An intermediate solution (like the suggested) can be found but might not work for ALL the models or those will be released in the future. Hence, better have a glue than a precise receipt. For more precise details, check the AI model presentation page or documentation.
The swap impact
WARNING!
The results presented here below are more meaningful after having read the sections above, not just dropping the swap even if the swap creates a very impactful bottle-neck, it is not the ONLY reason because performances can vary a lot among systems among various AI models.
Every GNU/Linux system is keen to use swap during its normal running.

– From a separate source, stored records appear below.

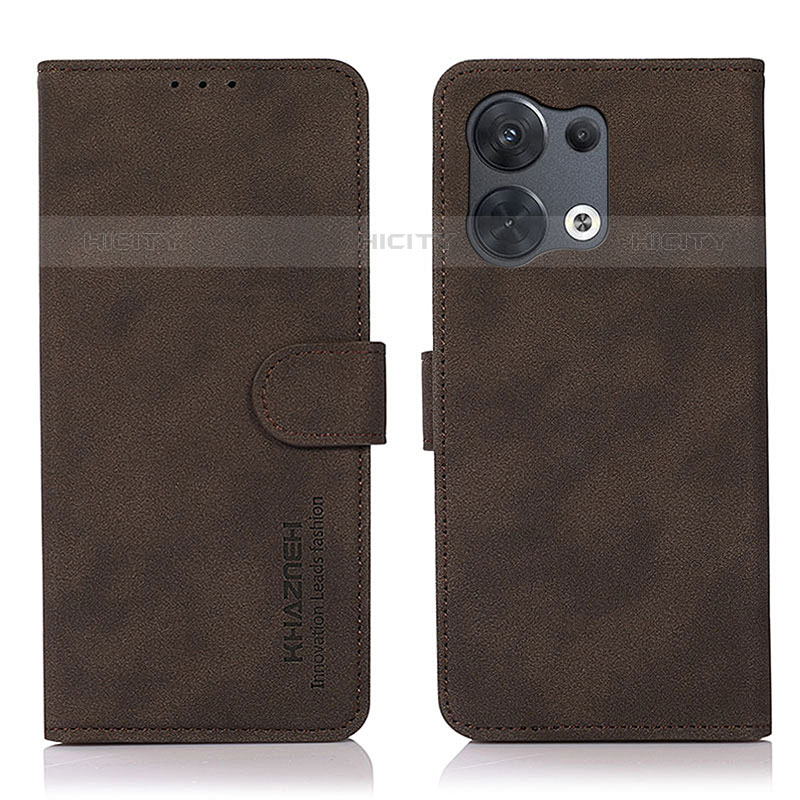 Funda de Cuero Cartera con Soporte Carcasa D08Y para Oppo Reno8 Pro 5G Marron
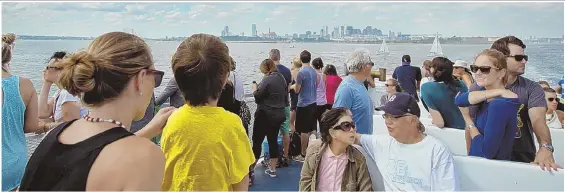  ??  ?? GET ON BOARD: Ferries will offer free rides to the Boston Harbor Islands during the National Park Service celebratio­n.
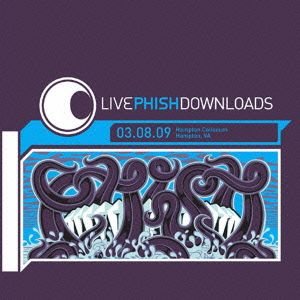 LIVE PHISH 03.08.09 Hampton Collseum,Hampton,VA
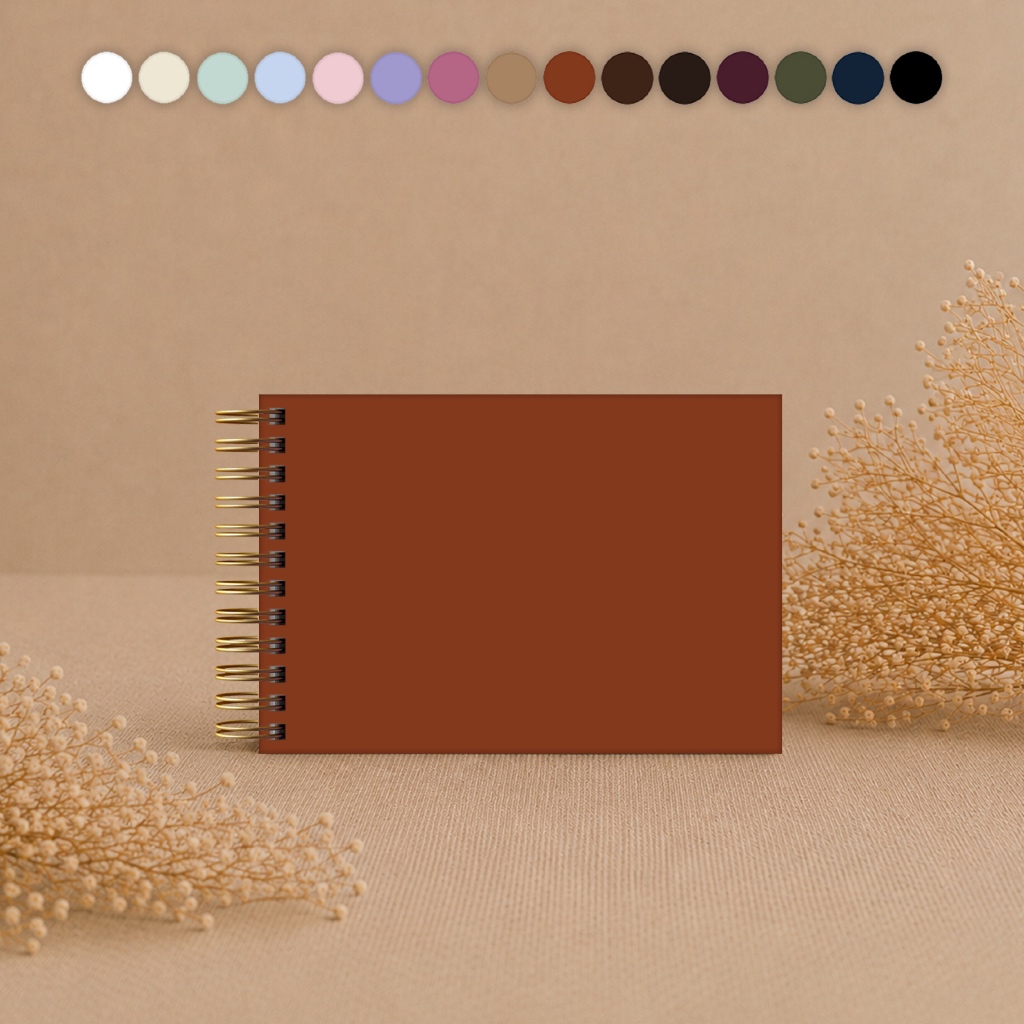 Álbum para Fotos e Scrapbook A5 (15x21cm) Capa Dura Premium Assinaturas, Recordações, Memórias, Colagens Várias Cores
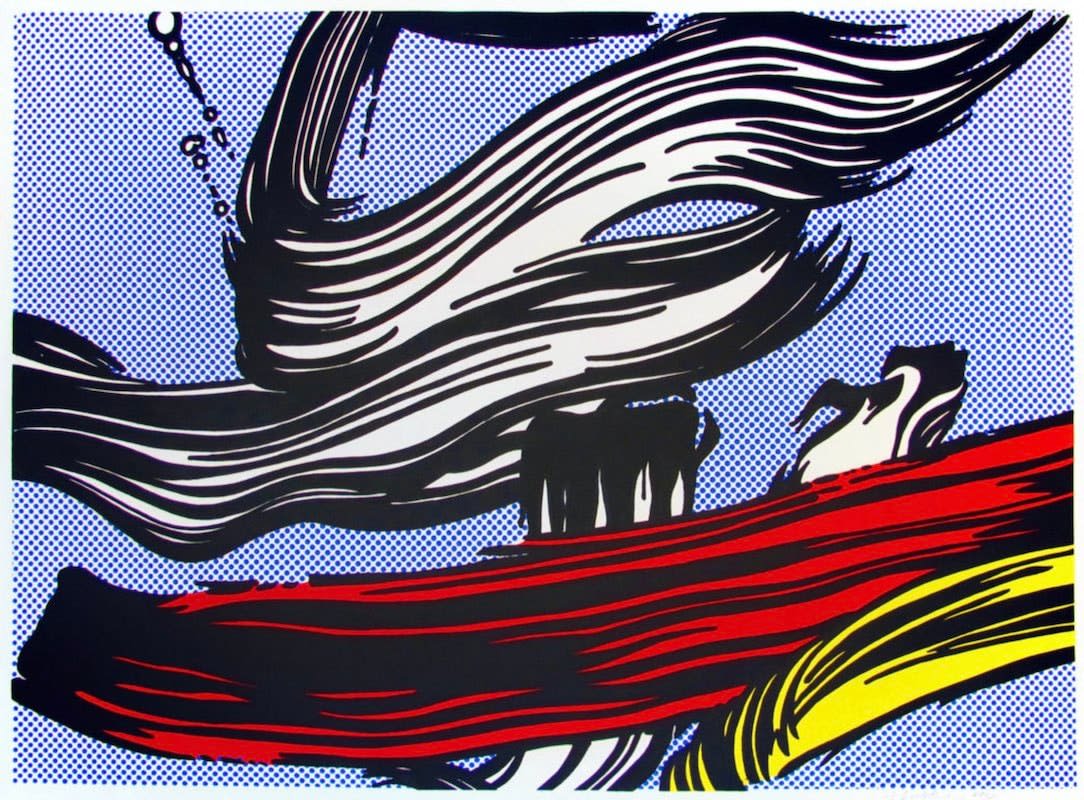 Roy Lichtenstein, Brushstrokes, 1967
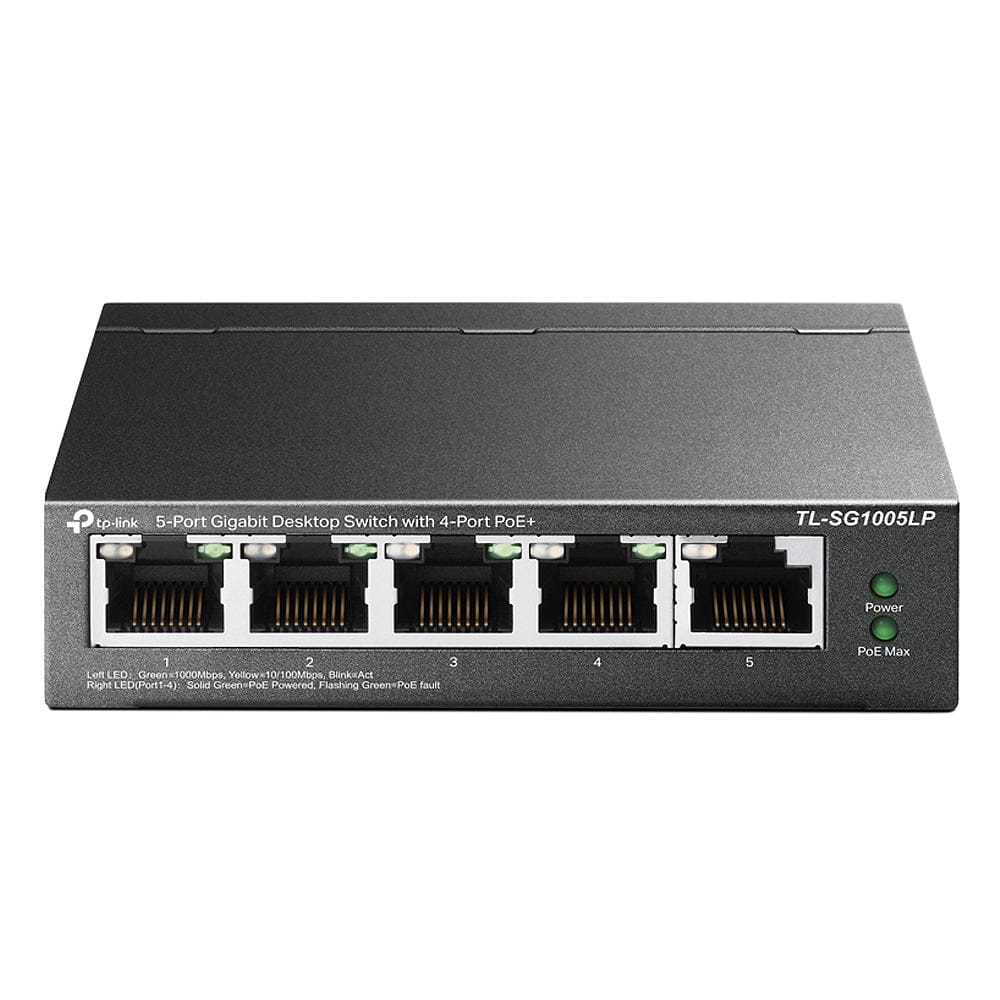 TP-Link TL-SG1005LP - 5-Port PoE+ Gigabit Switch by TP-Link - The Pi Hut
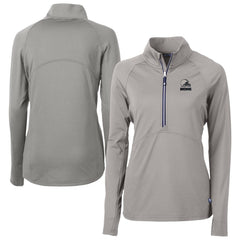 Cleveland Browns Cutter & Buck Women's Adapt Eco Knit Stretch Recycled Half-Zip Pullover Top - Gray - NFL
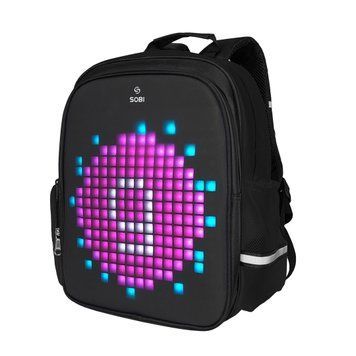 Рюкзак Sobi Pixel Kids SB9701 Black с LED экраном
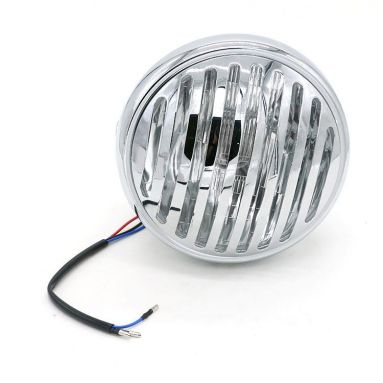 12V Chrome Headlight With Grill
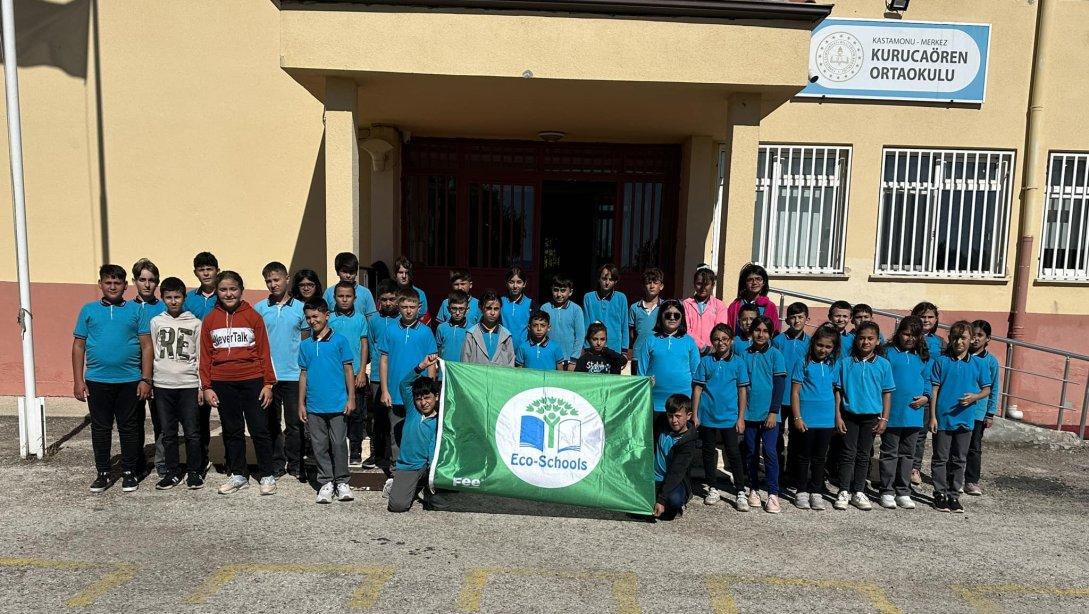 İlimizde  İlk Yeşil Bayrak Kurucaören Ortaokulumuzda Dalgalanıyor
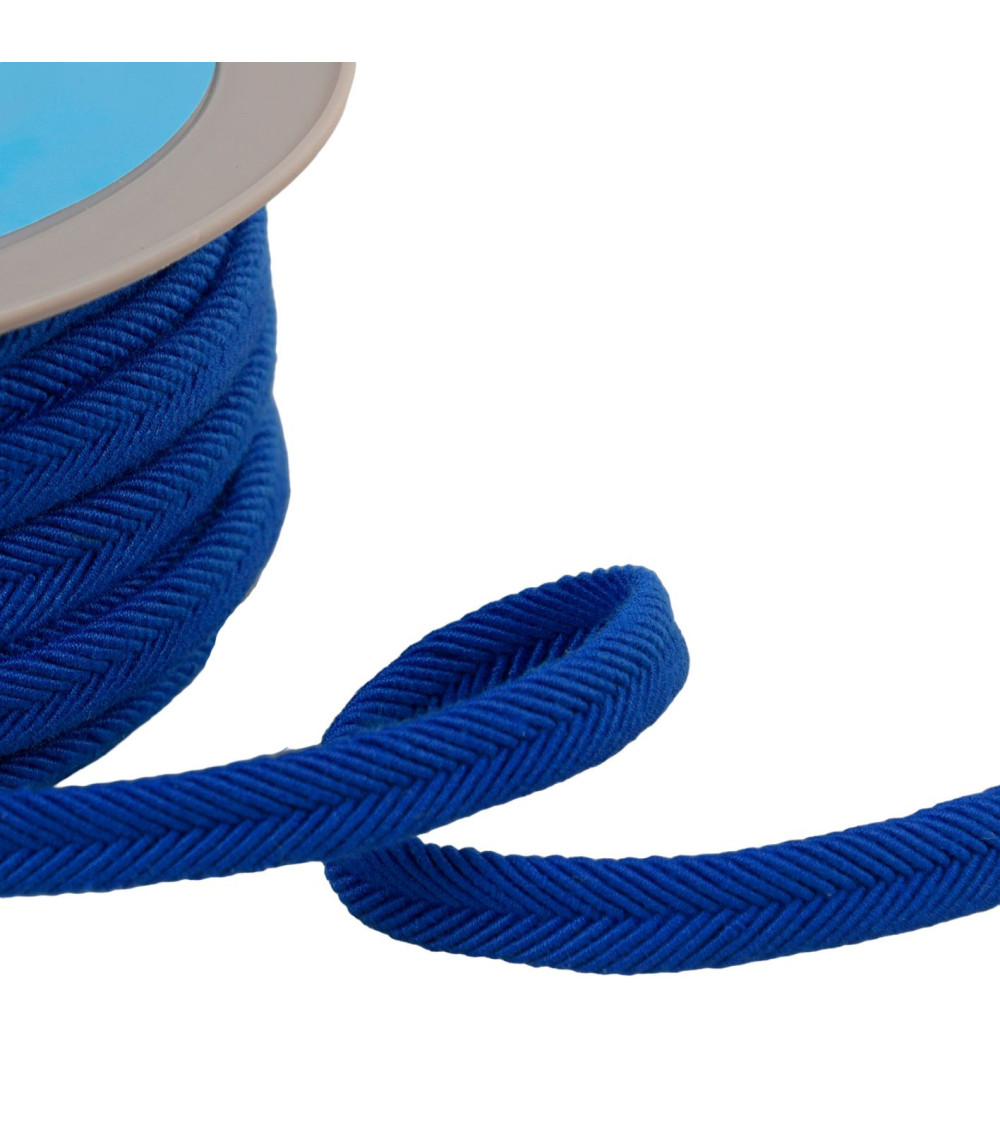 Double cord 10mm royal blue threads per meter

Unfortunately, this feature has a wild impact on the elaboration time which is the time before the first token.
How much?
In my specific case with a 7B parameters model from 24s to 0.5s, running Deepseek-R1-Distill-Qwen-7B-uncensored on LM Studio 0.3.8-build4 with Intel Vulkan support with Q4_0 I1 and all experimental features activated which is a HUGE improvement, really.
It is about 50x times less.
More sophisticated approaches can be found to fit into specific use cases but these following two generally works
sudo sysctl vm.swappiness=0
for disabling temporarily the swap before launching the AI running suite or
sudo swapoff -a
for disabling every kind of swap, including those compressed in RAM, until enabled again.
The second in particular fully grants that memory will not be messing-up with any swap activities that can have been previously stored on disk, in any case.
Conclusions
Definitely too early to jump at any conclusion. The topic is as wide as the far-west before being the far-west and here we are like Christopher Columbus' sailors who had just set foot in the new world and were still unaware that it was not India but a totally new and unexplored continent.